We think the policy that will do that would be ending the War on Drugs completely, ending drug prohibition just like we ended alcohol prohibition in 1933 and that means one thing- legalizing all drugs. Not so we can all go out and party, but so that we can regulate them and control them and keep them out of the hands of our children, something which so far the War on Drugs has been unable to do for 34 years, despite a budget of so far, well over half a trillion dollars.

Every year now, we are spending at least 69 billion more dollars to continue that war, that useless war. So in the last two years, we have gone from those 5 founding members to over 1,500 members in LEAP, with over 70 speakers. We have given more than 800 presentations all around the world.

Our reception has been beyond our wildest dreams.
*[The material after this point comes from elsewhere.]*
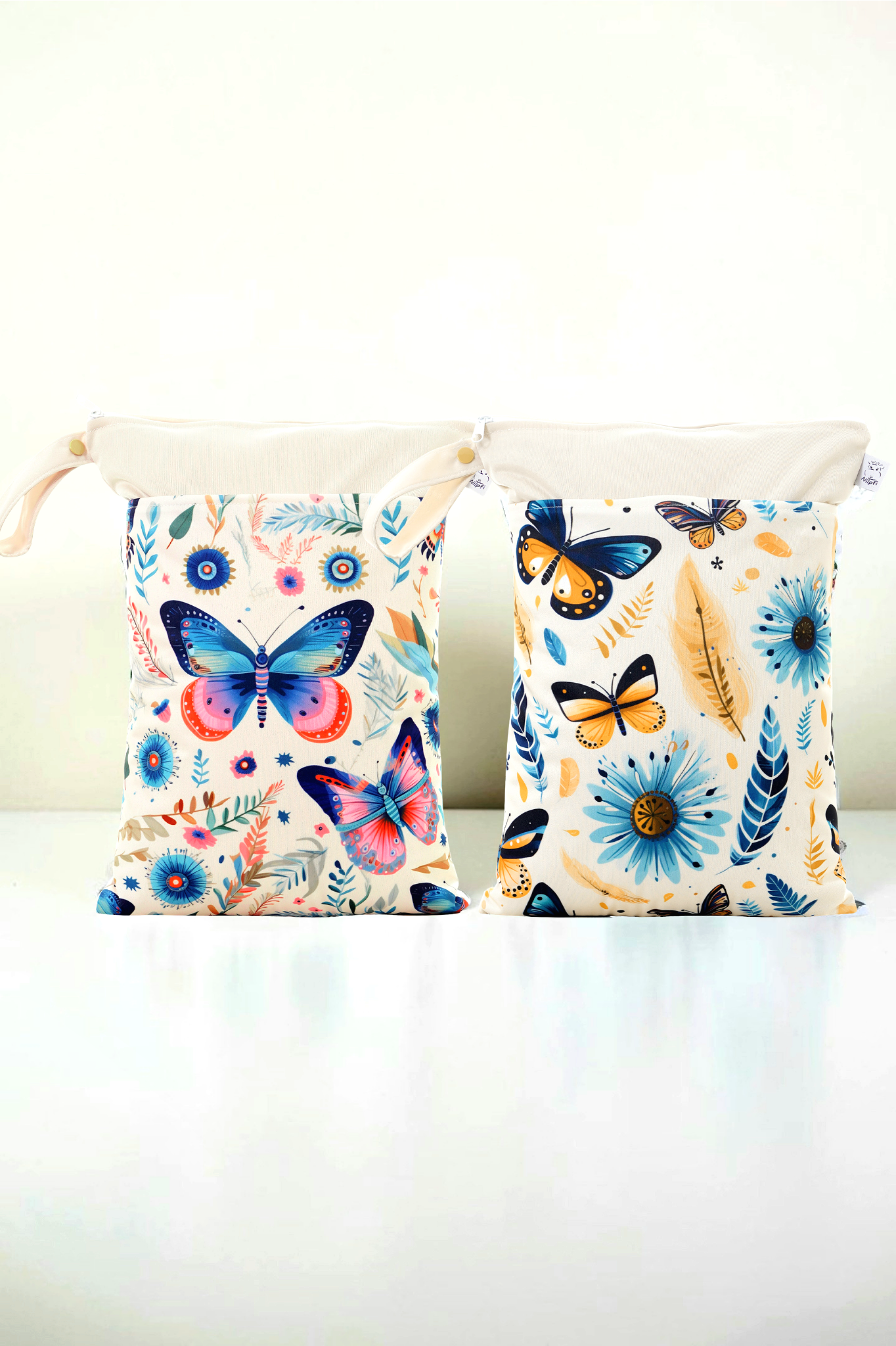 Wetbag Maxi 2er Set "Schmetterling "-personalisierbare Nasstaschen für Kita & Kindergarten und Reisen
We feel absolutely sure that after they hear us speak, 80% of the people we talk to are on our side. And we don’t just go out and preach to the choir. We speak at civic, professional, religious and educational organizations, plus some public events. But the ones we really target are the civic organizations; Rotary clubs, Lions clubs, Kiwanis clubs, Chambers of Commerce. These tend to be rather conservative folks. Before we come on the scene, I am sure they vast majority of them agree with the drug warriors. But in 30 minutes to an hour, we are converting at least 80%. I’ve had standing ovations from Rotaries. Strangely enough, it seems the conservatives seem to get it quicker than anybody.